How Trino queries Iceberg tables

Understanding what happens between SELECT and the first byte of results is essential for optimization. Trino's Iceberg connector follows a multi-stage process to translate SQL into efficient object storage reads.

Metadata resolution

When a query references an Iceberg table, Trino contacts the Iceberg catalog (Hive Metastore, AWS Glue, Nessie, or Iceberg REST) to locate the current metadata pointer. It reads the latest metadata.json file, which references the current snapshot. From the snapshot, Trino walks the manifest list to identify which manifest files describe the table's data files. Each manifest contains per-file metadata: file path, partition values, column-level min/max statistics, row counts, and file size.

This metadata walk is the foundation of Iceberg's query planning advantage over Hive-style tables. Instead of listing directories in object storage (which is slow and eventually consistent on S3), Trino reads a structured metadata tree that tells it exactly which files could contain matching rows.

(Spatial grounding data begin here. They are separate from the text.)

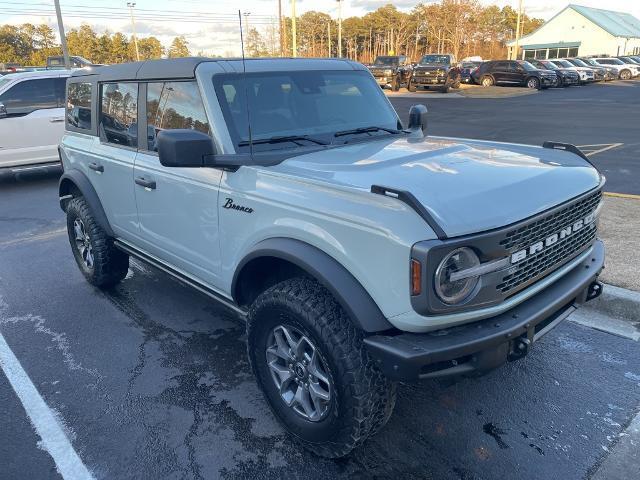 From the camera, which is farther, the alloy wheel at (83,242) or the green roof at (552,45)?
the green roof at (552,45)

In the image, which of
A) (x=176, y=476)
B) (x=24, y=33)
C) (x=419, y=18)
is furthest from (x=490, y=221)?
(x=419, y=18)

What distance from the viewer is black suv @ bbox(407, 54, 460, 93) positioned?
30766mm

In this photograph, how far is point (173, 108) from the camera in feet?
11.8

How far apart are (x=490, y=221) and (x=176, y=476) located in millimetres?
1974

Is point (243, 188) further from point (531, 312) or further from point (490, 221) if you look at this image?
point (531, 312)

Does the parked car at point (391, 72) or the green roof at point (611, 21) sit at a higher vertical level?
the green roof at point (611, 21)

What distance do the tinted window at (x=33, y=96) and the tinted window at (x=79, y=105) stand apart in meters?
5.14

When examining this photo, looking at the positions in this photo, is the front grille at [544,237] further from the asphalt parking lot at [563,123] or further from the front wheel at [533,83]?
the front wheel at [533,83]

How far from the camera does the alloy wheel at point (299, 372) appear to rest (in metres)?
2.67

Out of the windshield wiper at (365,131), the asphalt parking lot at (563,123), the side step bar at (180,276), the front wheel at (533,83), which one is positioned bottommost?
the asphalt parking lot at (563,123)

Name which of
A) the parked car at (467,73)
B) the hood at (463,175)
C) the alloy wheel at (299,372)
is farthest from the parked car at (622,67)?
the alloy wheel at (299,372)

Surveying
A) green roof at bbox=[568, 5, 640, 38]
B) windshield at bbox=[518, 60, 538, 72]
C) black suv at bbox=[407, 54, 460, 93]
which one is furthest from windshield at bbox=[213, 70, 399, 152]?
green roof at bbox=[568, 5, 640, 38]

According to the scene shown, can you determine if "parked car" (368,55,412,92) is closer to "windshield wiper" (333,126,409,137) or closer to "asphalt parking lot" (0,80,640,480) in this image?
"windshield wiper" (333,126,409,137)

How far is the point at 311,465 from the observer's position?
9.02ft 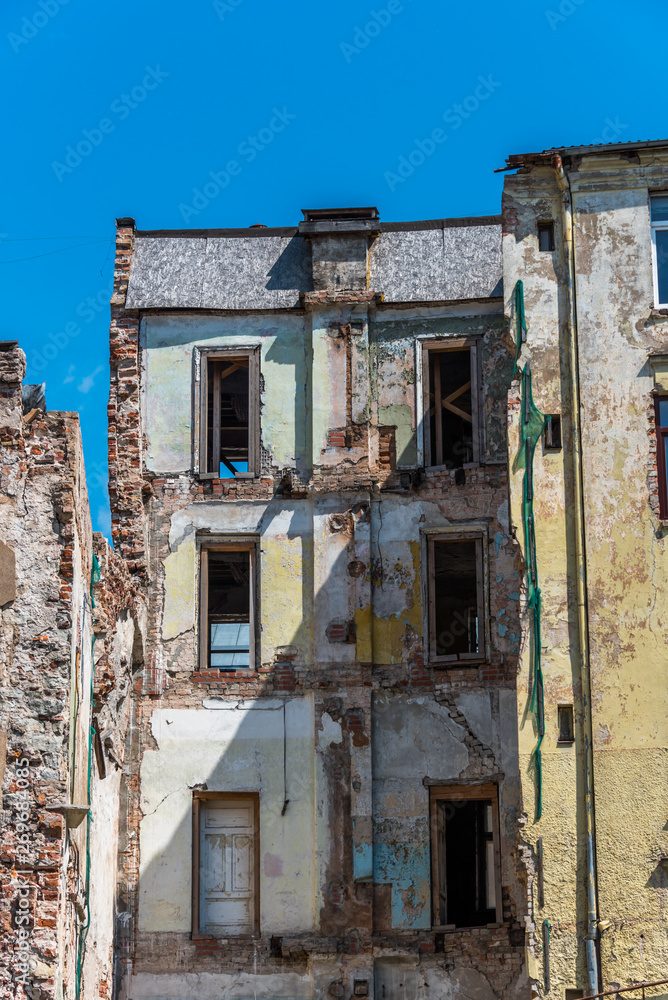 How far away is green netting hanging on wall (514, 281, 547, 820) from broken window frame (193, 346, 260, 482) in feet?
13.6

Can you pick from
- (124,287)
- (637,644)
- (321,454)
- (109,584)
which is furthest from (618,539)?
(124,287)

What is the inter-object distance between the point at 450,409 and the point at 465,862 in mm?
6302

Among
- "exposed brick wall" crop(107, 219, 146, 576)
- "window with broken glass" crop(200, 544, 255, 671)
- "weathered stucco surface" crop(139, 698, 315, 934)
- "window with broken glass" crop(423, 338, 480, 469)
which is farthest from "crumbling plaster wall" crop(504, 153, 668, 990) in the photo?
"exposed brick wall" crop(107, 219, 146, 576)

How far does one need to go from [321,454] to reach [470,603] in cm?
301

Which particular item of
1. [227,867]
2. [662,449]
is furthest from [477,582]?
[227,867]

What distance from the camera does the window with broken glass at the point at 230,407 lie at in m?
20.9

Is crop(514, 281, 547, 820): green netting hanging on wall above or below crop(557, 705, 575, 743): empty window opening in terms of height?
above

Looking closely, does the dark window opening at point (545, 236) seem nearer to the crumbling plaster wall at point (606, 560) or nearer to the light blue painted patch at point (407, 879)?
the crumbling plaster wall at point (606, 560)

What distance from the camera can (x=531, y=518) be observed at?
59.5 feet

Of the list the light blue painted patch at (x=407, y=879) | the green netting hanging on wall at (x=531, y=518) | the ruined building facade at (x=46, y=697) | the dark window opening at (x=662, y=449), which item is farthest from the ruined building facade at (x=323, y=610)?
the ruined building facade at (x=46, y=697)

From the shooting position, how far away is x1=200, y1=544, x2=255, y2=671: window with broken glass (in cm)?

Scan planning and predicate pushdown

Once Trino has the manifest entries, the coordinator evaluates query predicates against the metadata to eliminate files before any data is read. This happens in three layers:

1.Partition pruning — if the table is partitioned and the query filters on a partition column, Trino eliminates entire partitions by comparing the predicate against partition values in the manifest. A query filtering WHERE event_date = '2026-05-01' on a day-partitioned table skips every partition except that date.
2.Min/max file pruning — for each surviving partition, Trino checks per-file column statistics. If a file's max value for user_id is 500 and the query filters WHERE user_id > 1000, that file is skipped entirely. This works on any column with statistics, not just partition columns.
3.Row group skipping — within individual Parquet files, Trino uses row group (page) statistics to skip blocks of rows that cannot match the predicate. This is the finest-grained pruning level and depends on data being physically sorted so that value ranges within row groups are tight.

The effectiveness of these layers compounds. Partition pruning might eliminate 95% of files. Min/max pruning removes another 80% of what remains. Row group skipping reduces the bytes read within each surviving file. The combined effect can be orders of magnitude less I/O than a full scan — but only if the table's physical layout cooperates. Dedicated control planes like LakeOps can optimize this layout automatically based on real query patterns — we'll cover how later in this guide.

Query performance tuning

Trino's Iceberg connector exposes several mechanisms for reducing scan volume and query latency. Most of them depend on metadata quality and file layout rather than Trino configuration alone.

Partition pruning

Partition pruning is the highest-impact optimization. When a query filters on a partition column, Trino can skip entire sets of files without reading any data. Iceberg supports hidden partitioning transforms — day(ts), month(ts), bucket(id, 16), truncate(region, 3) — which means partitioning does not require users to add synthetic columns to their data.

To verify that partition pruning is active, use EXPLAIN and check for partitionConstraint in the output:

sql

1EXPLAIN SELECT * FROM lakehouse.events2WHERE event_date = DATE '2026-05-01';

If the constraint appears, Trino is pruning at the partition level. If it does not, the predicate may not align with the partition spec — a common issue when timestamp filters do not match the partition transform granularity. For detailed partition design guidance, see our Iceberg partitioning best practices guide.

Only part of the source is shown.